С момента моего возвращения Лелла держалась по — прежнему отчужденно. С Фаридом скупые фразы, ровный тон. Со мной вроде бы тоже бесстрастно. Когда Шерифа с детьми уехала, дом целыми днями молчаливо дремал. Внизу тетя Зухра выглядела совсем уж блеклой. Ее взгляд вопрошал меня. В любопытстве старых дев есть что-то болезненное, ранящее. Она узнала о брачном предложении Салима. Она уже видела меня женой, матерью детишек… В очередной раз шмыгнув носом, она склонилась над своей работой, над своей жизнью.

Из глубины своей темной комнаты ее властно требовала к себе Лла Айша. С тех пор как приступы ее болезни участились, в периоды просветления она тратила все силы на то, чтобы изводить свою сестру; в этих жалобах, утверждала Зинеб, она находила мстительное удовлетворение. Зухра должна была то поправить ей подушки, то принести воды, то выслушать ее сетования. Иногда можно было заметить, как больная, жалуясь, в то же самое время краешком совершенно сухого глаза наблюдает за лицом своей сестры, которая, вся в слезах, пытается призвать ее покориться неисповедимой воле Господа.

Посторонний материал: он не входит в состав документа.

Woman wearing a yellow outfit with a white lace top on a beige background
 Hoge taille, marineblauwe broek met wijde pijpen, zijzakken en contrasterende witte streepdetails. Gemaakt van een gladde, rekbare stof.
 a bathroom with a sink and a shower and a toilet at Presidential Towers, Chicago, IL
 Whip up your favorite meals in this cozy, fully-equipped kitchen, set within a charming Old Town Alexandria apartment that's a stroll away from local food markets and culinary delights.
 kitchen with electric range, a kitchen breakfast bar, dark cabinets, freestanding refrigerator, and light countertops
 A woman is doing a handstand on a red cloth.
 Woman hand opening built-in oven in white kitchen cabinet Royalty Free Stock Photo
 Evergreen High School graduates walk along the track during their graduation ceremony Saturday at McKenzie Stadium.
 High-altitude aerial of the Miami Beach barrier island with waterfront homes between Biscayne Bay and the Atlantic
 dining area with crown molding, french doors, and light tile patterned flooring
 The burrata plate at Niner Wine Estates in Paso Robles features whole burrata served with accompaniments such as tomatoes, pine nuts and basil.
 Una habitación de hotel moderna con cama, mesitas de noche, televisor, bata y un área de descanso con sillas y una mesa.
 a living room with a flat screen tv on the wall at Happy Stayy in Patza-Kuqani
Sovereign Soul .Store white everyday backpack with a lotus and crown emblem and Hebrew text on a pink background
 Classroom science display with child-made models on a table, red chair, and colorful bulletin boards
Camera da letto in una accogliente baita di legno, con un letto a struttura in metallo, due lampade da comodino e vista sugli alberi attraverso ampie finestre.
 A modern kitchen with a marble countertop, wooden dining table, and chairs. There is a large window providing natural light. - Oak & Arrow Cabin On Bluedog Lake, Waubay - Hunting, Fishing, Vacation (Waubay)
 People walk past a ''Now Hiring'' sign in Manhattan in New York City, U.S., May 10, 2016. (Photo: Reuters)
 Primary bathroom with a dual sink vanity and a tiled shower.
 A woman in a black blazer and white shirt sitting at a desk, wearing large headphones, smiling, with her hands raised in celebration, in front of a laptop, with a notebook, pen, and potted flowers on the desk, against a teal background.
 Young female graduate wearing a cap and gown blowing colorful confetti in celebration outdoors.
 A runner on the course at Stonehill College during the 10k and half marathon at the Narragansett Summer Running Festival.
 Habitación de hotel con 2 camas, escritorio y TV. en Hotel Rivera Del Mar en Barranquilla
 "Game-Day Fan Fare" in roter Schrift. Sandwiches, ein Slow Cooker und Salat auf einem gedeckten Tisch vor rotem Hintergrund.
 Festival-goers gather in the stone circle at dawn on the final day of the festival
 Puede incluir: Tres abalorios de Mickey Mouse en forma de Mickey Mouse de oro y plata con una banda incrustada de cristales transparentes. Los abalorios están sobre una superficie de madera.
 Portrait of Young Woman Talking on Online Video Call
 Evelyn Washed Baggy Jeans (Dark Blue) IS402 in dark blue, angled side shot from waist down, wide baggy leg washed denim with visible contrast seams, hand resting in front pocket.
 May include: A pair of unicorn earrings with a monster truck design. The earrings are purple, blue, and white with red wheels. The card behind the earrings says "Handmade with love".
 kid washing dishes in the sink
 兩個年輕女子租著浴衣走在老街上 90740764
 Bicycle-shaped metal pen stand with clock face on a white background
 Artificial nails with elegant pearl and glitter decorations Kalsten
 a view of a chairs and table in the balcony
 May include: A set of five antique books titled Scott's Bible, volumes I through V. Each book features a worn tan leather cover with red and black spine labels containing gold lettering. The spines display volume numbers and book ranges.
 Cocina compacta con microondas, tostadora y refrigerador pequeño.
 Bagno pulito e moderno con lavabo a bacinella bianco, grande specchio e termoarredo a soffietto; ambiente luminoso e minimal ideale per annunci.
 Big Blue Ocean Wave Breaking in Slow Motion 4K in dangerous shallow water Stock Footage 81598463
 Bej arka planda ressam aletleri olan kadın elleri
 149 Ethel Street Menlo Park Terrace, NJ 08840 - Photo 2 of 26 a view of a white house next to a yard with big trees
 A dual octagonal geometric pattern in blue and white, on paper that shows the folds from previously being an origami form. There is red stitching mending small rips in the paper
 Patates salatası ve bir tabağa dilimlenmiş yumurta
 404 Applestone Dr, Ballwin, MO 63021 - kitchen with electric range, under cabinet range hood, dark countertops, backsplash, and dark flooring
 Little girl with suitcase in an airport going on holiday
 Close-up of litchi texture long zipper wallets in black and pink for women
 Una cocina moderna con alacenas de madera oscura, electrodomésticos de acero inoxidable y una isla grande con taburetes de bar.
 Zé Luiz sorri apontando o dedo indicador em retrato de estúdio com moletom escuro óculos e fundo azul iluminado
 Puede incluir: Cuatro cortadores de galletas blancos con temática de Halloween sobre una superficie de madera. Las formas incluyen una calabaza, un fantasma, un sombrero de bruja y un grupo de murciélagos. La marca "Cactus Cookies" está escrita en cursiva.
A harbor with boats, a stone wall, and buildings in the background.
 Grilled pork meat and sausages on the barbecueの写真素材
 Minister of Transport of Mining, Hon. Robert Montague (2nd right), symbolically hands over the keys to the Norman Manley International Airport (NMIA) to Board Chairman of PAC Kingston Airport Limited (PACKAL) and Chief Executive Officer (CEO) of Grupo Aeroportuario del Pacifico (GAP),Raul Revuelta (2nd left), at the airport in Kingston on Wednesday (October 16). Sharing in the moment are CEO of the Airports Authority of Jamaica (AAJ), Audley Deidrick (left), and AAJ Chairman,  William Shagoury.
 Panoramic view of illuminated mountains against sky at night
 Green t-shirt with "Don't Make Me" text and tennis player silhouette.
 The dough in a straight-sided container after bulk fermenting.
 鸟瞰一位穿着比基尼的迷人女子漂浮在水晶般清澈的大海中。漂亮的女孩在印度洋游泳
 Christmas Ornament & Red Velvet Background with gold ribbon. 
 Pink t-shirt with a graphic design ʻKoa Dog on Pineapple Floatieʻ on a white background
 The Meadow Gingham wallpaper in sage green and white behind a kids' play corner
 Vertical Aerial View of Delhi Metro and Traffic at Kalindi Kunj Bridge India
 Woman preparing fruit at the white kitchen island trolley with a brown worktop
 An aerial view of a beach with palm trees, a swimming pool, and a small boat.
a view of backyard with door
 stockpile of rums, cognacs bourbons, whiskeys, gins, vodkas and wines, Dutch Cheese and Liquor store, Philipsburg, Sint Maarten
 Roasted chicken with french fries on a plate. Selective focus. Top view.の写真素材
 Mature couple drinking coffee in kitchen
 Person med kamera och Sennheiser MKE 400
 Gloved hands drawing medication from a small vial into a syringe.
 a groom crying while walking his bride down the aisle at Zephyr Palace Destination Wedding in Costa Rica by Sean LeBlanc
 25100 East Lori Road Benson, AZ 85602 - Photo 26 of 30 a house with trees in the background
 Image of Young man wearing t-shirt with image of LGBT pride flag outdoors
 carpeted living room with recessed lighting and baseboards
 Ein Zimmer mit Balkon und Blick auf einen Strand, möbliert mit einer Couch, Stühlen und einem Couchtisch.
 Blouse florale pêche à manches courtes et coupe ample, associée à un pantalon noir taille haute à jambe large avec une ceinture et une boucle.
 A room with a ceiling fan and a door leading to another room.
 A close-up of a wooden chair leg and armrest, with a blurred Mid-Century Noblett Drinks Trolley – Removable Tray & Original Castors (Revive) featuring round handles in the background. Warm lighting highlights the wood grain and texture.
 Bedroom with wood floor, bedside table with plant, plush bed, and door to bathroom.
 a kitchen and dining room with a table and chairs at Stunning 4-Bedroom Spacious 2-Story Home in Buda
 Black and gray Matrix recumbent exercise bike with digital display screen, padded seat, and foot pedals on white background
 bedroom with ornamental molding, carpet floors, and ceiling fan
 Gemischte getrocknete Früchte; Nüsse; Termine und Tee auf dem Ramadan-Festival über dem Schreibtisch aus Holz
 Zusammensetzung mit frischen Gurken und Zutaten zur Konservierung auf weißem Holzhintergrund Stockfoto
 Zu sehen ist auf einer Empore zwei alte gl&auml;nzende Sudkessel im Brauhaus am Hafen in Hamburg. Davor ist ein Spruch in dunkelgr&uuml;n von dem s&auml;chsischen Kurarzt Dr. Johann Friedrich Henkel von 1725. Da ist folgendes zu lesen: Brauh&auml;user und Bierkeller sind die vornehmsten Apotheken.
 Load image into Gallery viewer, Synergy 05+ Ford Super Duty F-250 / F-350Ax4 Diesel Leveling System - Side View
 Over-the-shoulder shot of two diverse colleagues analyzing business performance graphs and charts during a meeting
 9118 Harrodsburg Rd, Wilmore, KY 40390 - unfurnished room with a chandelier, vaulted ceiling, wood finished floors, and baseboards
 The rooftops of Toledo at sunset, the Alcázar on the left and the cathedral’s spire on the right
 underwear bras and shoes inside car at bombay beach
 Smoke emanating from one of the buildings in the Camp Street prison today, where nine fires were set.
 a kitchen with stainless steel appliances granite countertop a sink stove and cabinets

При описании подобных сцен Зинеб обнаруживала проницательность, какой я в ней не подозревала.

— Всю свою жизнь я была окружена старухами, — сказала она бесхитростно, потом с испугом добавила: — Умирать так тяжко!

Я смеялась.

— Да нет, не думаю.

— Нет-нет, тяжко, — настаивала она на своем. Приблизившись ко мне, она сказала таким тоном, словно ждала все эти дни, чтобы сделать мне признание: — Знаешь, когда мне подойдет срок рожать, я чувствую, буду бояться… так бояться…

Я смеялась. Называла ее глупышкой. В арабских домах деторождения так часты, беременности так многочисленны, что, кажется, все воспринимается с полным доверием к судьбе. Чтобы сделать такой вывод, достаточно посмотреть, как расцветают под взглядами других беременные женщины. Не в качестве жен терзаются наши женщины муками ревности — для этого им пришлось бы окунуться в кипение страстей, отказаться от своего лучшего оружия против мужчины, коим является безразличная покорность, — а в качестве матерей. Объект их соперничества — не мужчина, а ребенок, который шевелится в их утробе и делает их лицо кротким ликом мадонны.